EXERCISE REQUIREMENTS -> Output must consist only of the lines of the material below from the one with "комерційна за адресою" through the one with "diaspora de Revelion", each reproduced exactly; no pictures belong in it.
[[ INPUT DATA, beginning ]]
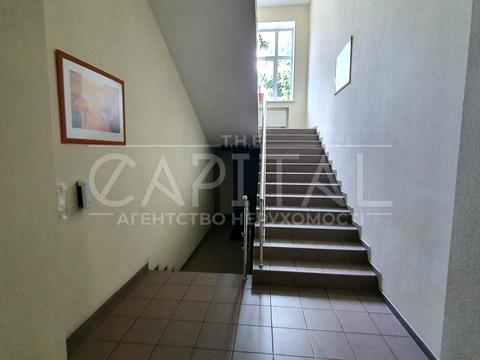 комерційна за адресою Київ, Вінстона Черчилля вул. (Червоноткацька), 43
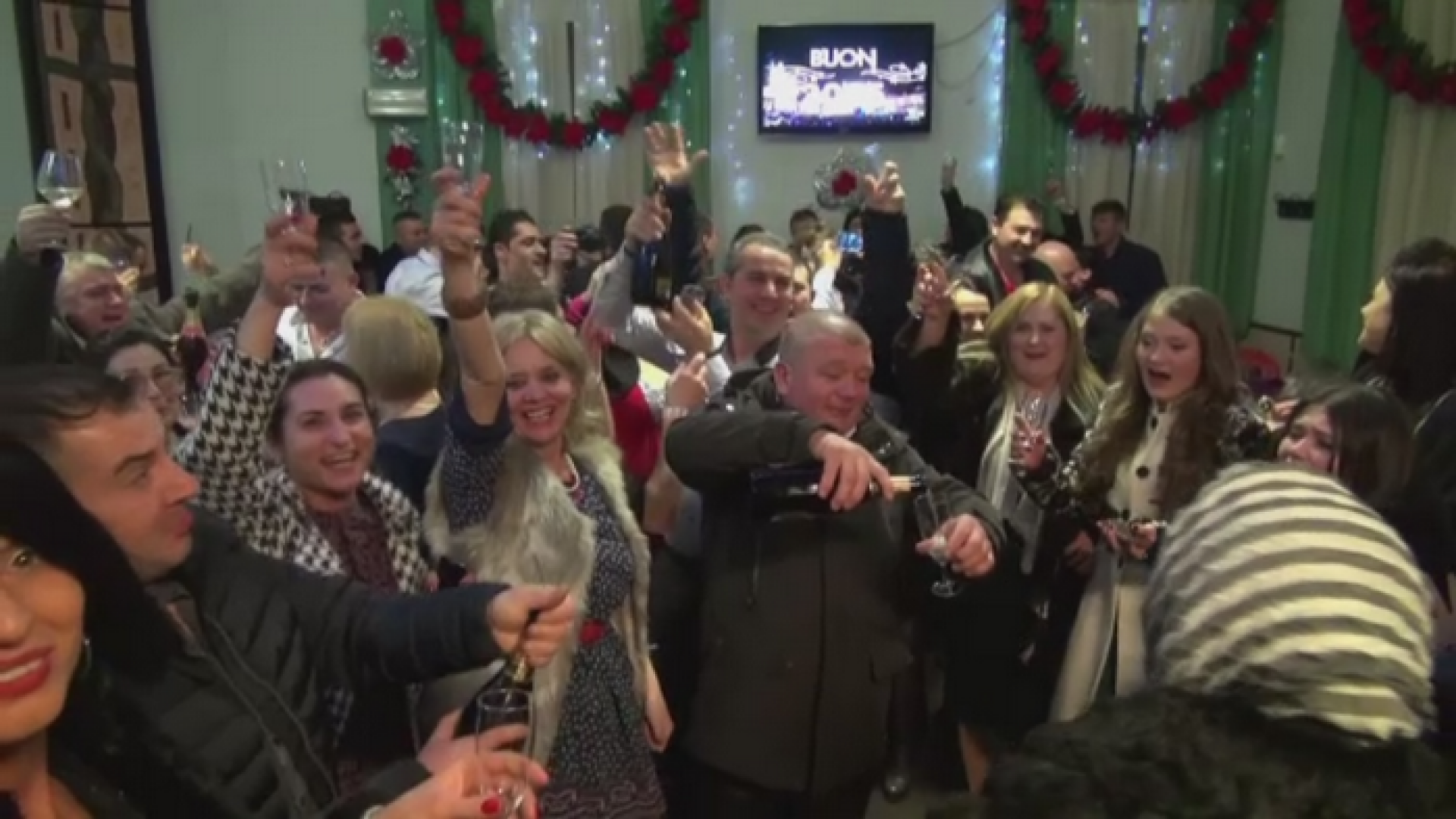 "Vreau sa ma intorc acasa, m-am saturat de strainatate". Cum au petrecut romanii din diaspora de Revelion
[[ INPUT DATA, end ]]
[[ INPUT DATA, beginning ]]
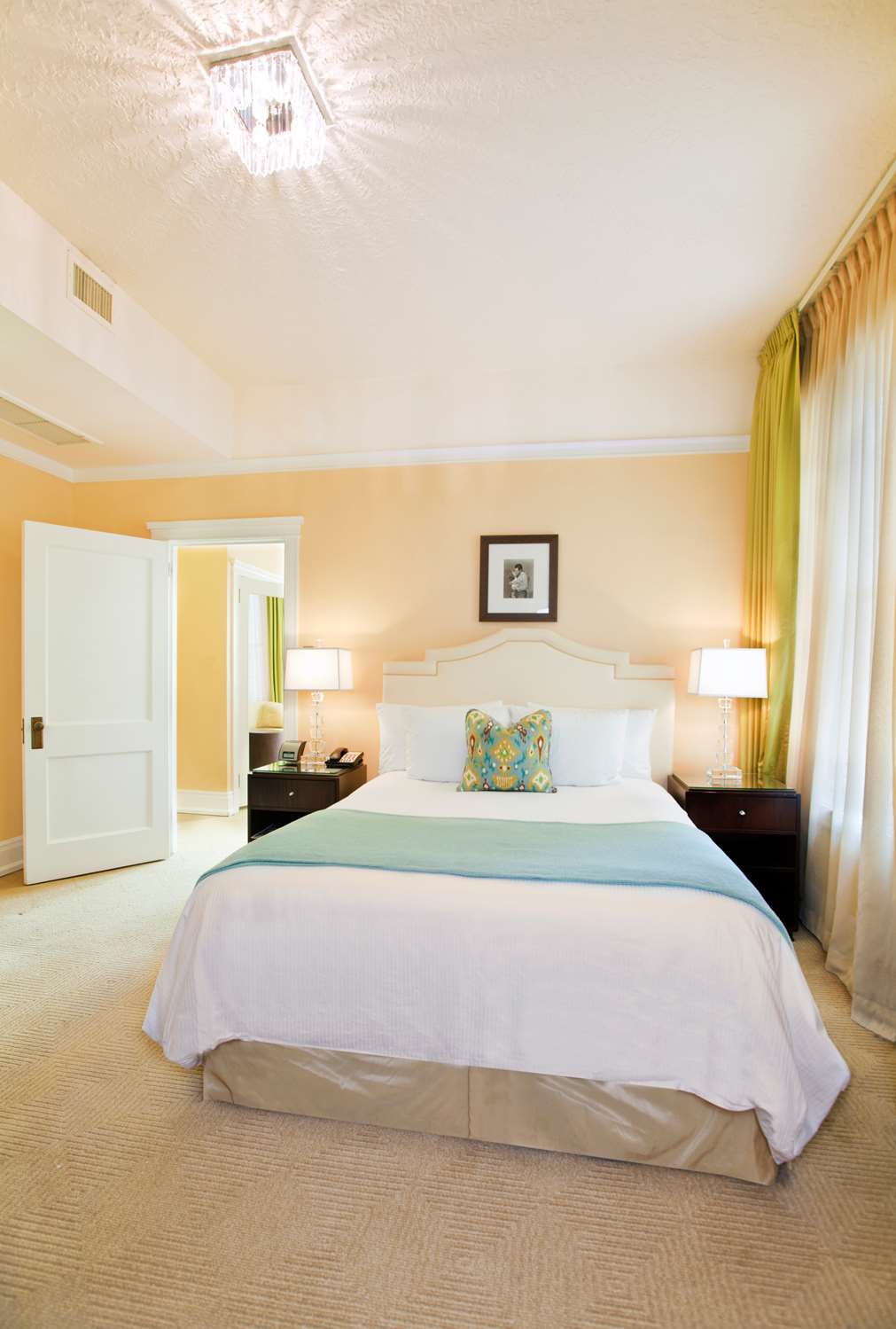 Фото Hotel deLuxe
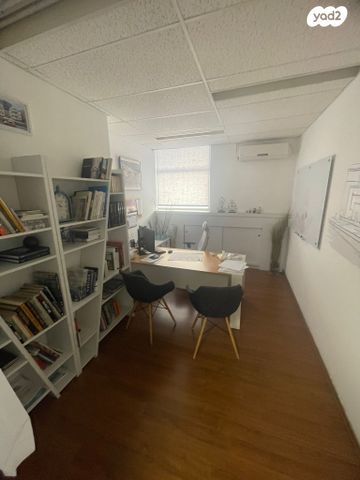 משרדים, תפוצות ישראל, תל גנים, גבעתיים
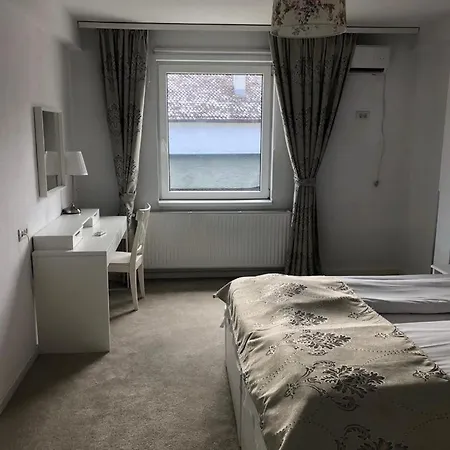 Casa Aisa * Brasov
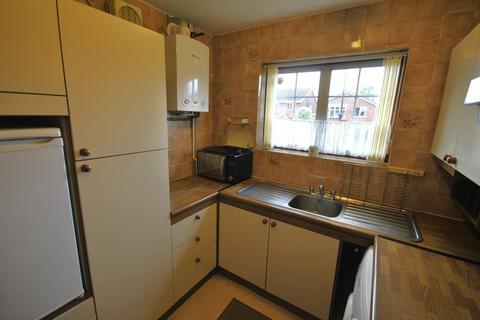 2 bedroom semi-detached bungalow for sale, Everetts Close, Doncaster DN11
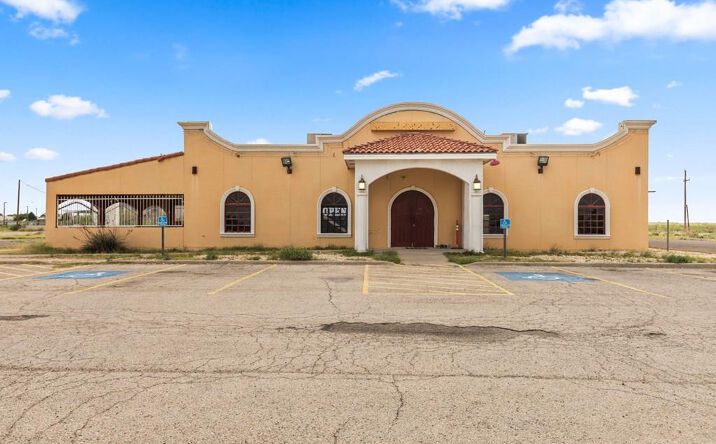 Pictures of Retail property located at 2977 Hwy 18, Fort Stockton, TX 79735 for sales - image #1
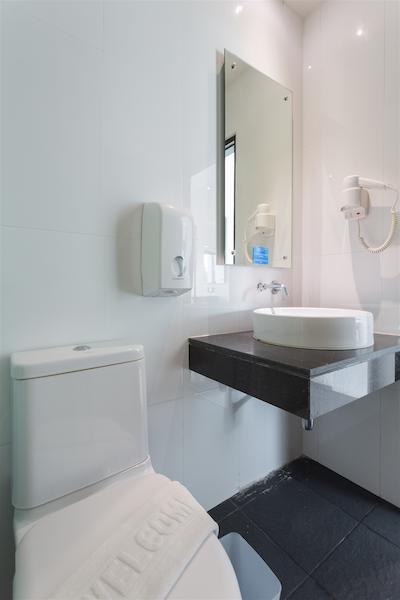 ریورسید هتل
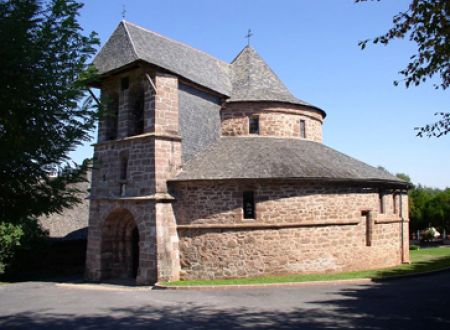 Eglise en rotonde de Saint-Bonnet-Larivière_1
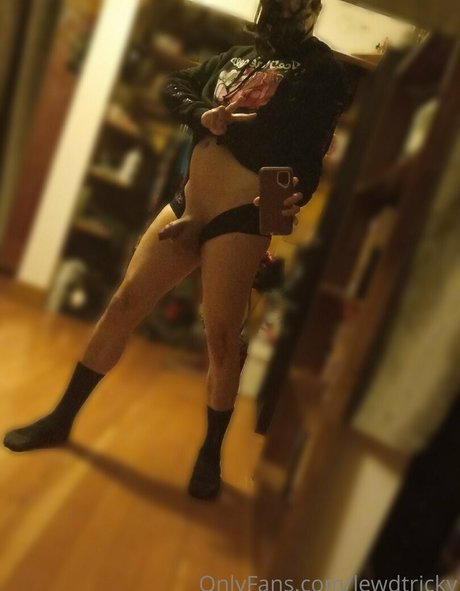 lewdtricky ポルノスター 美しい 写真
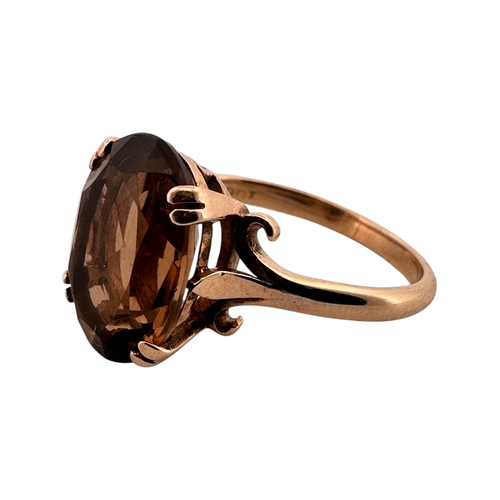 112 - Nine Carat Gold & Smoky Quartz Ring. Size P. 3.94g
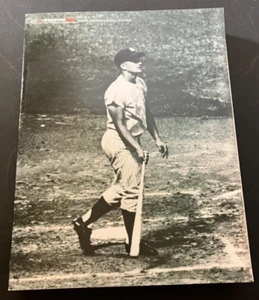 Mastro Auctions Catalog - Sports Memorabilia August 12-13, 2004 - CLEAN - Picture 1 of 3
[[ INPUT DATA, end ]]
ANSWER TO THE PROBLEM ->
 комерційна за адресою Київ, Вінстона Черчилля вул. (Червоноткацька), 43
 "Vreau sa ma intorc acasa, m-am saturat de strainatate". Cum au petrecut romanii din diaspora de Revelion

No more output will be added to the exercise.